What are the signs of low progesterone and what are the health benefits?
Progesterone is responsible for balancing estrogen and the female reproductive cycle. Deficiency results in symptoms of PMS, bloating, headaches, cramping, mood swings, breast tenderness, and irritability. A deficiency in progesterone can be a factor in frequent miscarriages. Research shows that natural progesterone stimulates bone building osteoblasts, thus providing protection against osteoporosis. Progesterone reduces the mitotic change in breast and uterine tissue, thereby protecting against cancer (Provera does the opposite).
Progesterone protects against heart disease. Progesterone is necessary for adequate sexual response, lubrication, and vaginal vasodilation. Progesterone is responsible for the physiologic equilibrium with estrogen. At menopause, women lose both estrogen and progesterone and both should be replaced. Progesterone replacement is important, even if you have had a hysterectomy because it does much more than just protect the uterus.
What if I have been taking synthetic hormones?
You need hormones, but you need the right kind–natural bio-identical hormones–in the right balance. Don’t tolerate the risks of the synthetic hormones when a safe alternative is available. Find a physician who will prescribe natural hormones and then make the switch.
Should I take estrogen and progesterone or not?
The risks of NOT taking hormone replacement therapy include elevated cholesterol, heart disease, strokes, osteoporosis, tooth loss, depression, Alzheimer’s disease, and menopausal symptoms.

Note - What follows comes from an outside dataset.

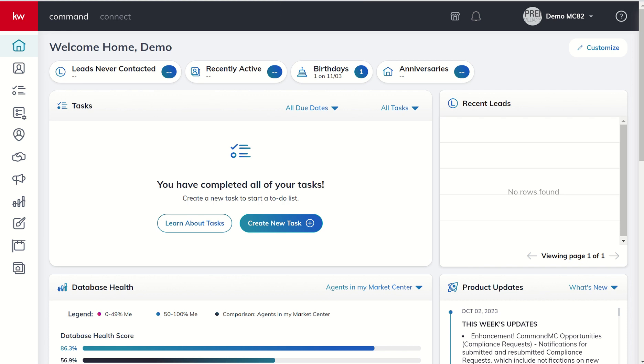Good morning, Keller Williams, and welcome back to the KW Command 66-Day Challenge 8.0, and today is Day 10. So yesterday we wrapped up our training on our Contacts applet, and today we're going to dive into the next applet, which is Tasks.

The side effects of the synthetic hormones such as bleeding, swelling, weight gain, and breast cancer can be almost eliminated by using the natural estrogen and progesterone. Overall health and well-being are improved, long-term survival is greatly improved, and quality of life is greatly enhanced. The risks of not taking hormones are tremendous. But do avoid the synthetic hormones.

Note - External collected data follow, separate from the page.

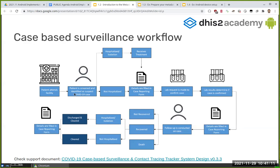We're going to be talking about tracking, so there is a tracker program. This patient will go to the hospital, will be screened, and then it will be decided whether to go to hospitalization or not. Then things will be performed — probably a PCR test or antigen test — so we're having some lab requests and then some results.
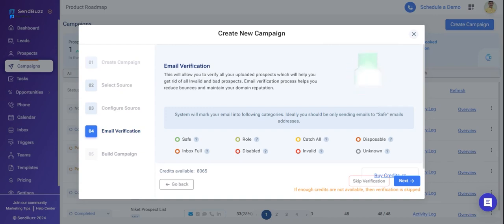Email verification services typically use a combination of methods to check email addresses, including syntax check, DNS checks, and SMTP checks.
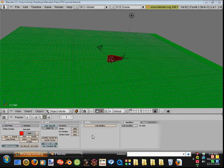Start out by opening up Blender as I have and then create a cube.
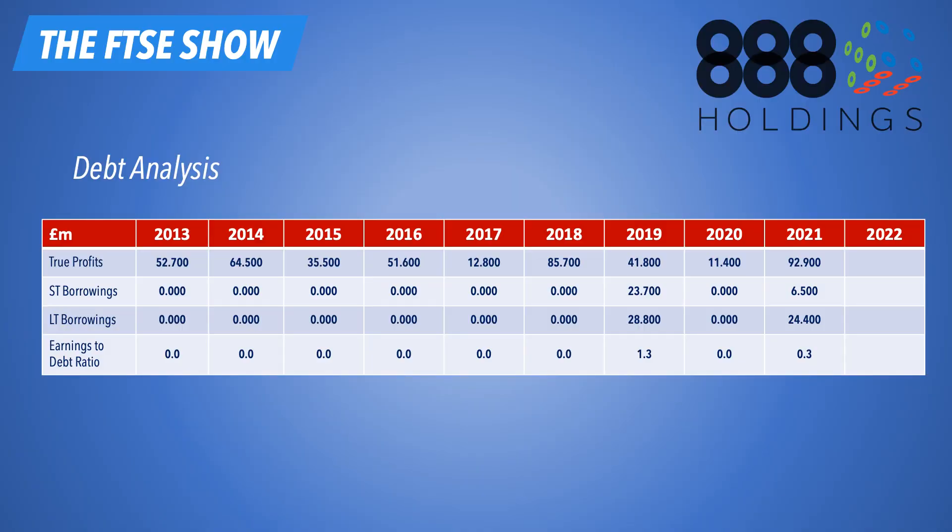Let's take a look at the debt analysis. So our true profits across the top line, we've got short term borrowings - any debts they have, they need to be paid back within the next year, and then long-term anything outside of that. As you can see from 2021, they've taken on a bit more debt, but it's nothing. I mean, when we look at the earnings to debt ratio, this is the ratio of debt to the earnings power of this business. We're looking at 0.3, which is great. It means they're making true profits of 92 million a year, but they've only got 30 million in outstanding debt, which means essentially, are they biting off more than they can chew? The answer is absolutely not. They could totally pay that off whenever they want. So I've got no concerns over debt whatsoever.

What about over-the-counter creams and saliva tests?
Products purchased over-the-counter are not usually of strength sufficient to produce a long-term therapeutic difference. A sufficient dose requires a prescription. Over-the-counter products might give you some symptomatic relief, but it is necessary to maintain certain hormone levels to achieve the long-term protective benefits.
Because hormones are delivered to the organs by the blood and not saliva, we rely on blood tests to determine accurate and optimal levels. Blood and saliva tests do not correlate. Saliva testing has consistently been shown to be inaccurate in medical studies.

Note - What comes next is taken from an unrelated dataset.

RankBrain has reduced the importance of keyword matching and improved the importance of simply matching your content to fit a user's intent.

How does one know whether they are receiving adequate amounts of replacement hormones?
Blood tests determine deficiencies. Blood tests also determine whether adequate replacement has been prescribed. All people will absorb, assimilate, and respond to hormones differently than others. If the proper level (and therefore tissue level) is not achieved, then the full benefit of hormone replacement is not realized. Our goal is to have your hormone levels optimally protective for sustained health and well-being, so you can be a healthier–and ultimately happier–you.